──────── DATA FOR ANALYSIS

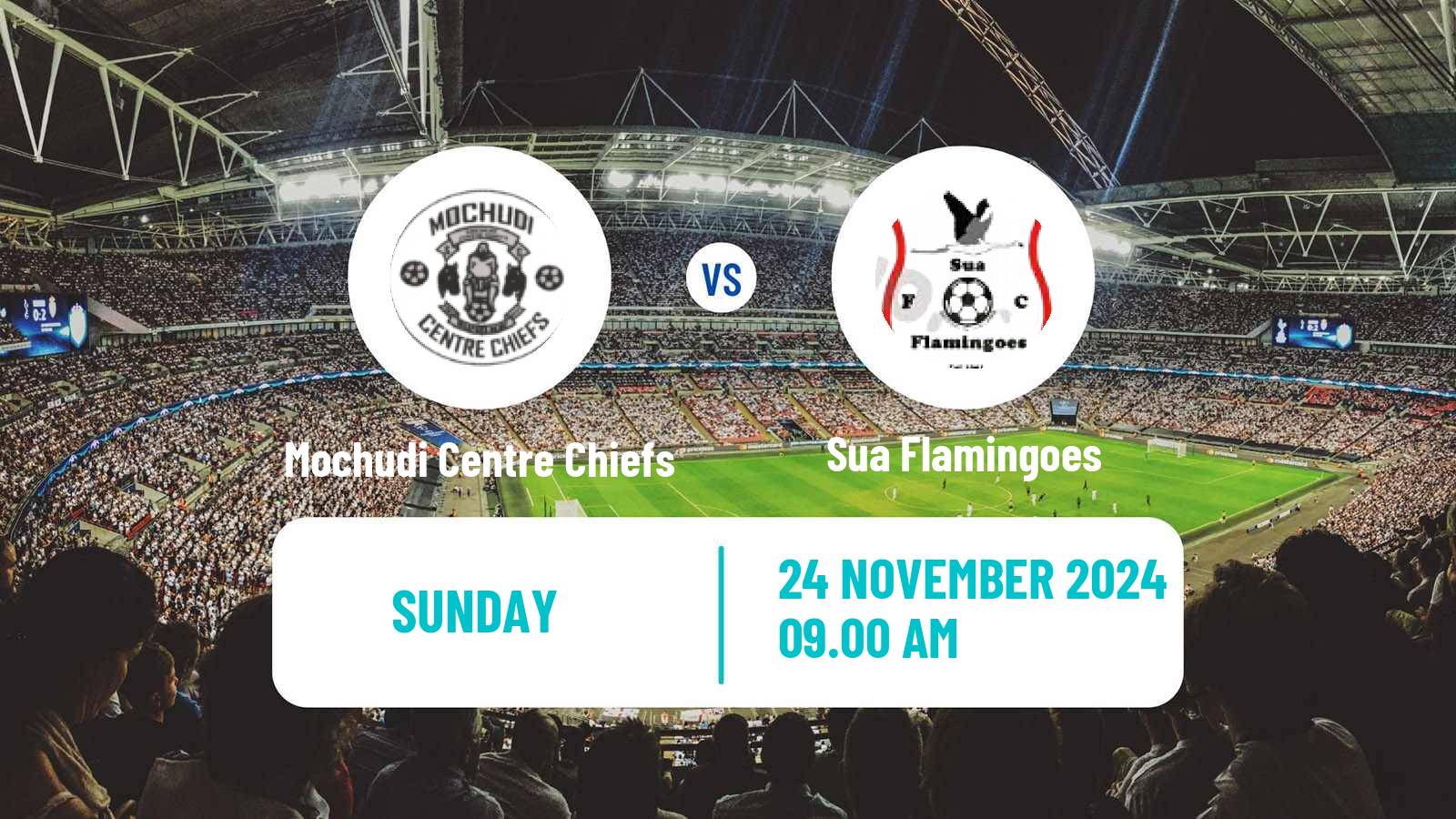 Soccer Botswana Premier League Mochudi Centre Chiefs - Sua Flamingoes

────────────────
──────── DATA FOR ANALYSIS

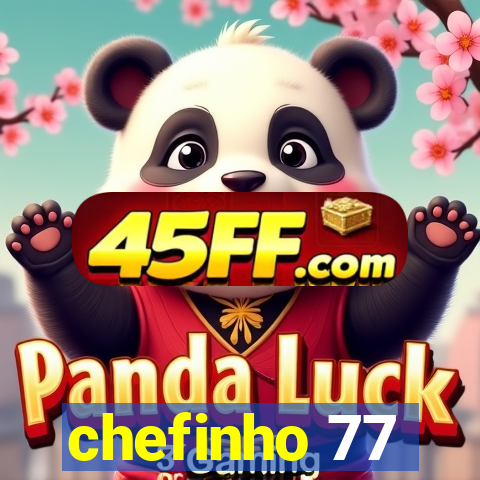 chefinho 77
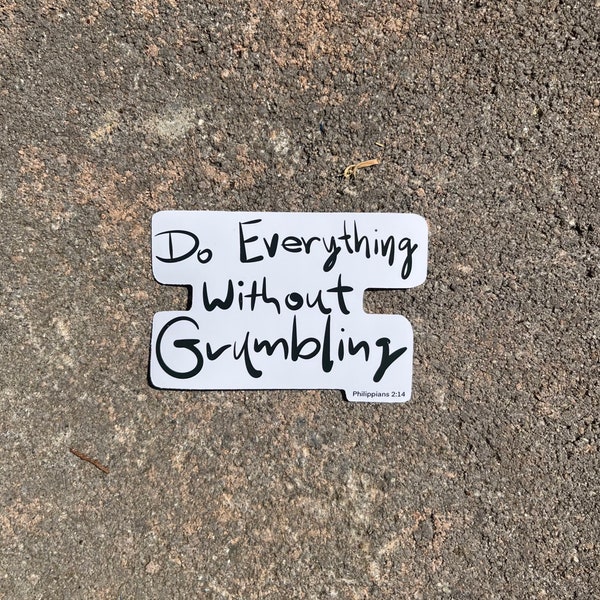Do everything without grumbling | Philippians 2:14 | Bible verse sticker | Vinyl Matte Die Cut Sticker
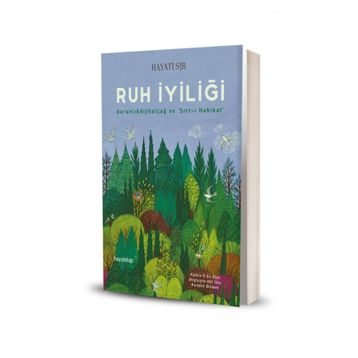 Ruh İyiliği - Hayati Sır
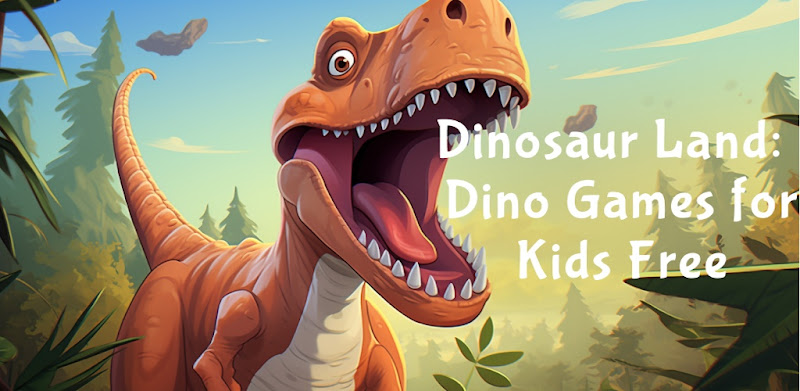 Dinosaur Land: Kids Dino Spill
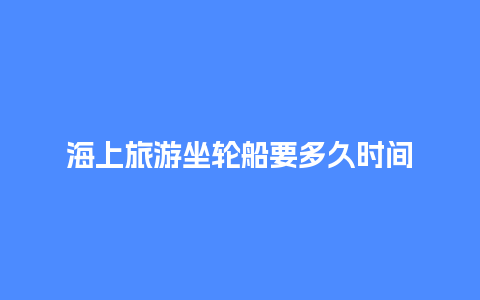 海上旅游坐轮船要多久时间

────────────────

**WORK REQUEST**
Copy exactly the material above from the line with "Ruh İyiliği - Hayati Sır" to the line with "海上旅游坐轮船要多久时间", ends included, and nothing else. Leave out any picture.

**RESULT OF THE TASK**
 Ruh İyiliği - Hayati Sır
 Dinosaur Land: Kids Dino Spill
 海上旅游坐轮船要多久时间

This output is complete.